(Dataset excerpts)

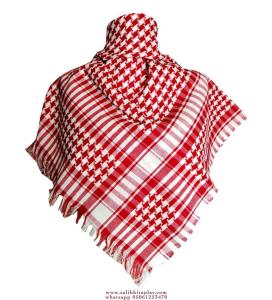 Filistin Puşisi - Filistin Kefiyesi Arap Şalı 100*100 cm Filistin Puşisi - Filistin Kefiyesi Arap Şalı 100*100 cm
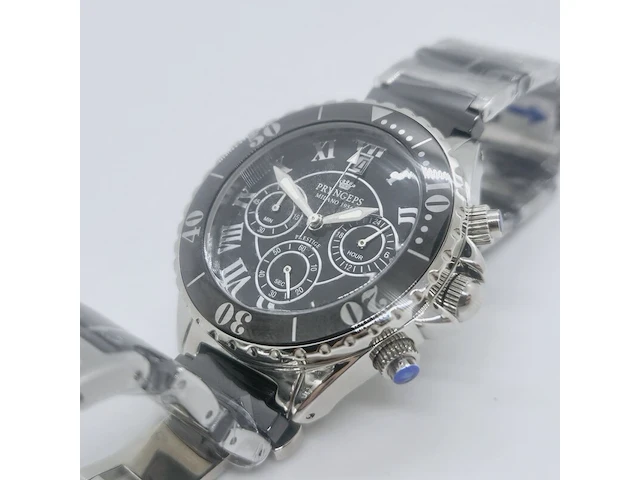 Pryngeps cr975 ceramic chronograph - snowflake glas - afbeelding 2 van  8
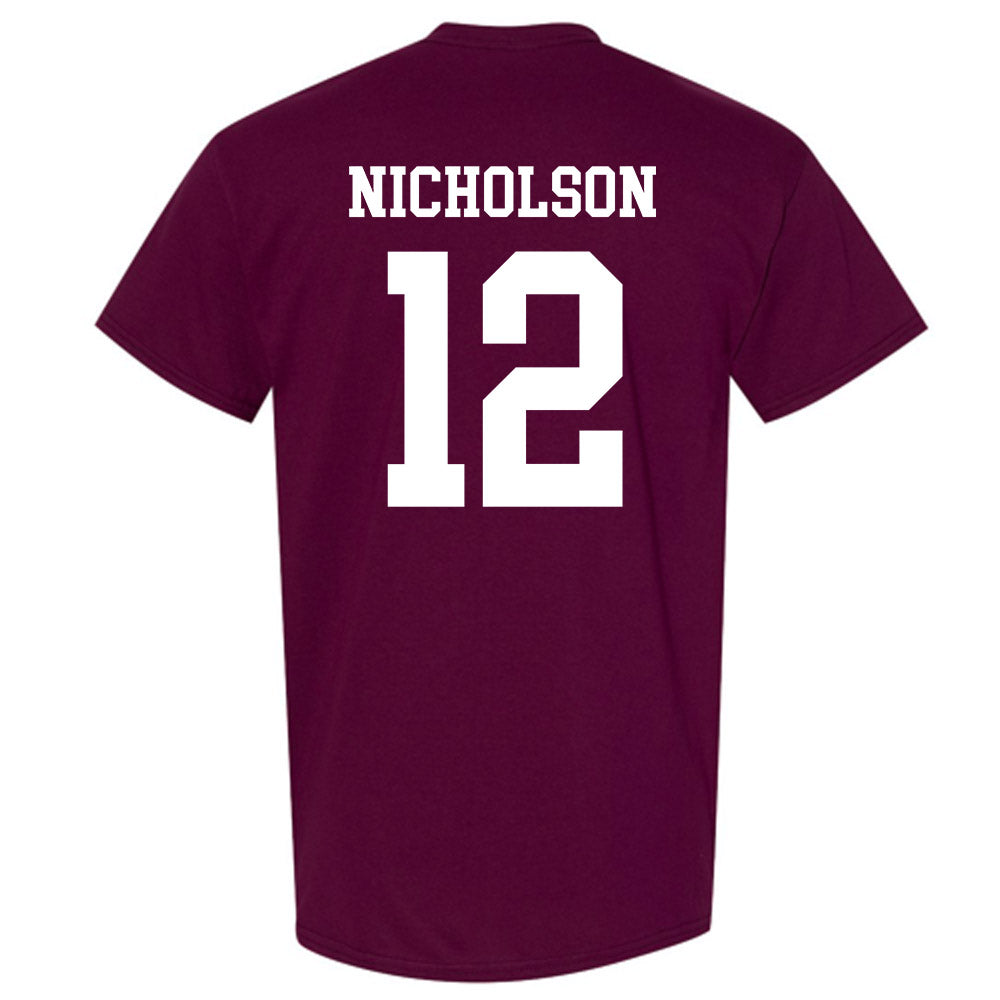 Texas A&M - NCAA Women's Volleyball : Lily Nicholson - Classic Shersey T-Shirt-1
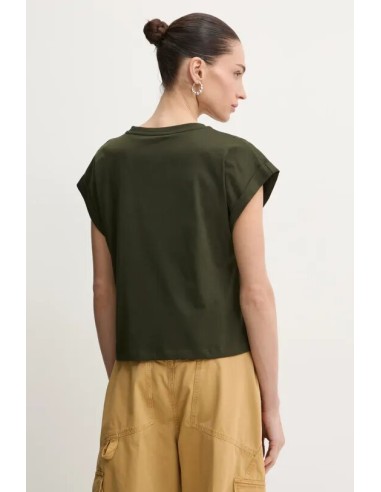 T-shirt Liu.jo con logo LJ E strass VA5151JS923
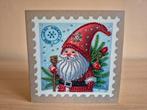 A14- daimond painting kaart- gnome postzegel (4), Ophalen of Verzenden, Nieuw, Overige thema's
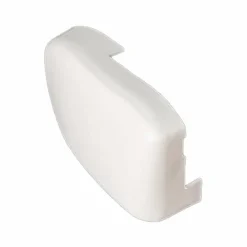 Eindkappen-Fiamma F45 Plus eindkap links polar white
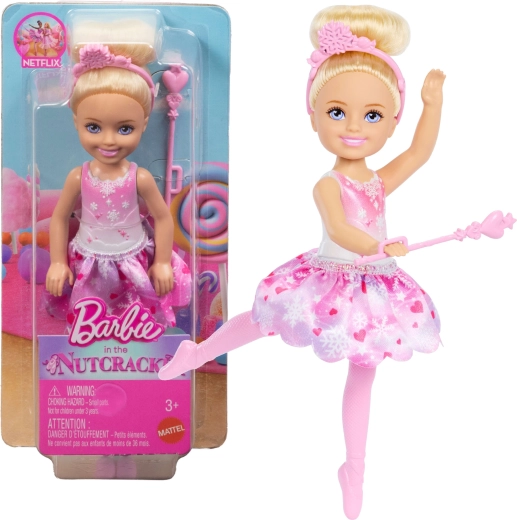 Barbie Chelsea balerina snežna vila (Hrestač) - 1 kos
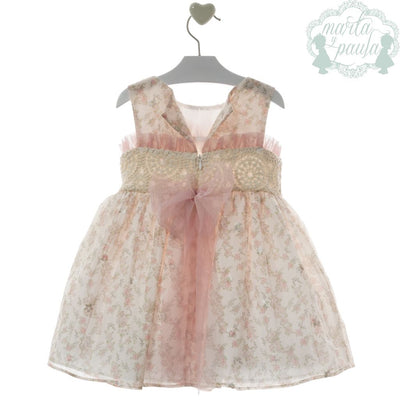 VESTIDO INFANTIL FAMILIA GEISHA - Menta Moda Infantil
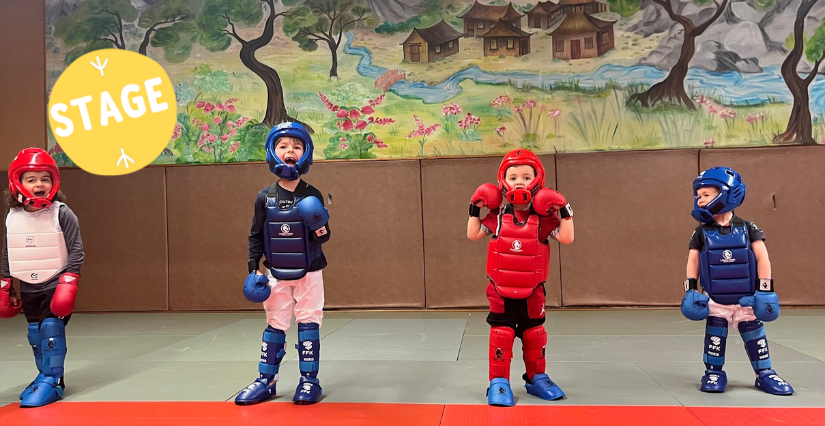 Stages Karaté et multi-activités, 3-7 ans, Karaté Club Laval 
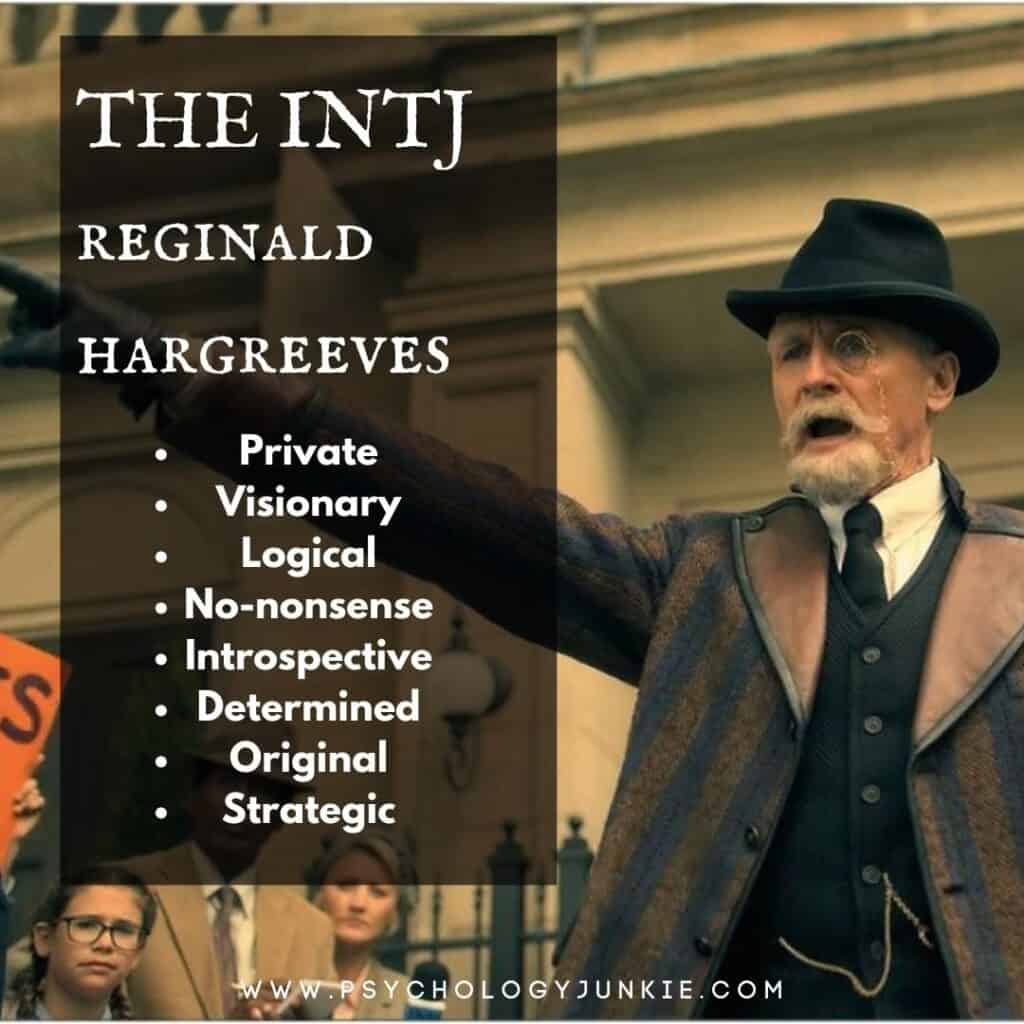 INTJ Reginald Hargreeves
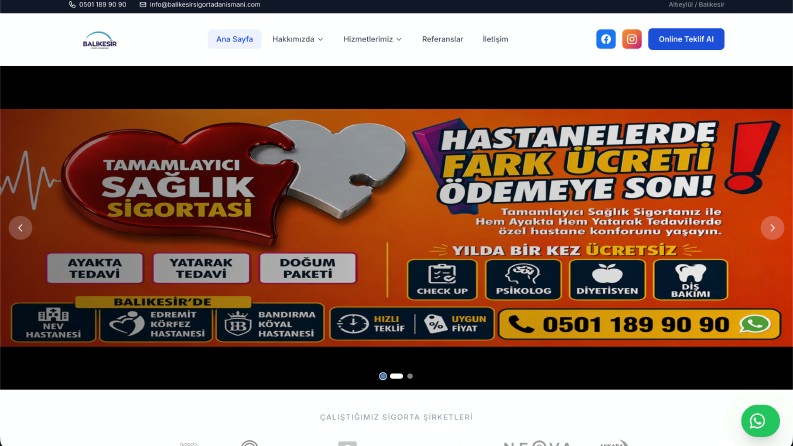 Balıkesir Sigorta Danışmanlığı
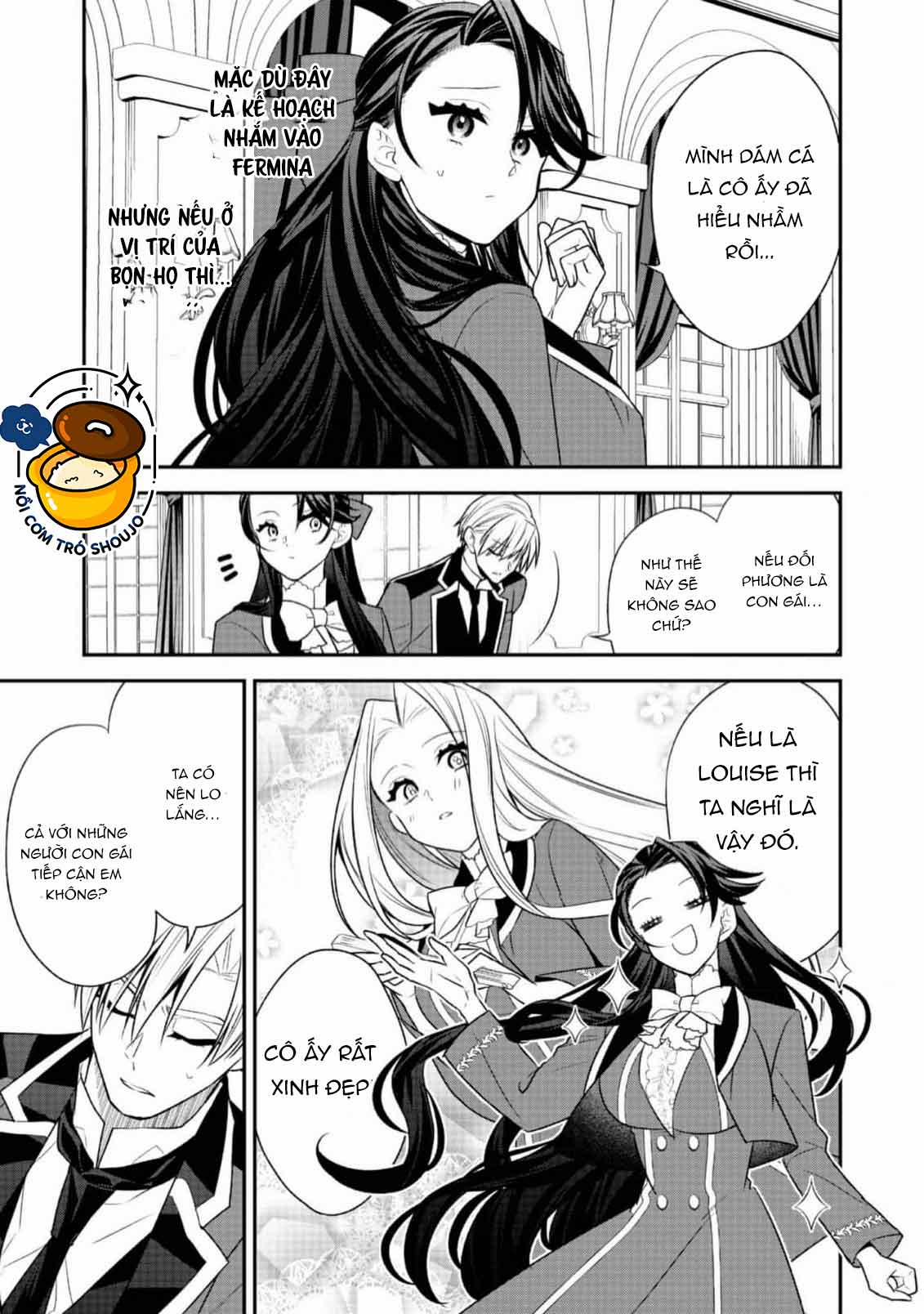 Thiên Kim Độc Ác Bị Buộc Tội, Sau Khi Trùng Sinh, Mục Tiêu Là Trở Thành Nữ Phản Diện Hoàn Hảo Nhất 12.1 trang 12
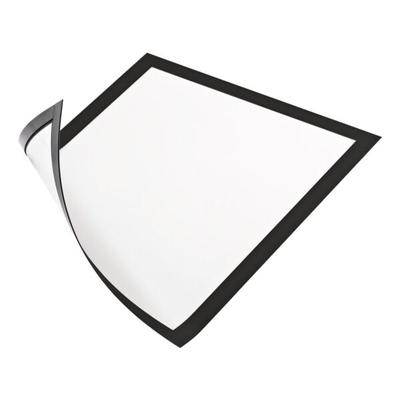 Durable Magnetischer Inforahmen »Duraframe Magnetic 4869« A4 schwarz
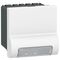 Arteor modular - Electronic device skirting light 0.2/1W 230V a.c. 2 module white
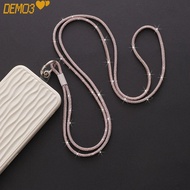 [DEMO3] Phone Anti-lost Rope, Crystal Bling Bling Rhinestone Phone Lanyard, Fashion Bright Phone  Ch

_Task goal_: Your task is to give again, unchanged, the lines from the line that contains "Durable Magnetischer Inforahmen" to the end of the records. Include both end lines but no pictures.

_Your solution_:
 Durable Magnetischer Inforahmen »Duraframe Magnetic 4869« A4 schwarz
 Arteor modular - Electronic device skirting light 0.2/1W 230V a.c. 2 module white
 [DEMO3] Phone Anti-lost Rope, Crystal Bling Bling Rhinestone Phone Lanyard, Fashion Bright Phone  Ch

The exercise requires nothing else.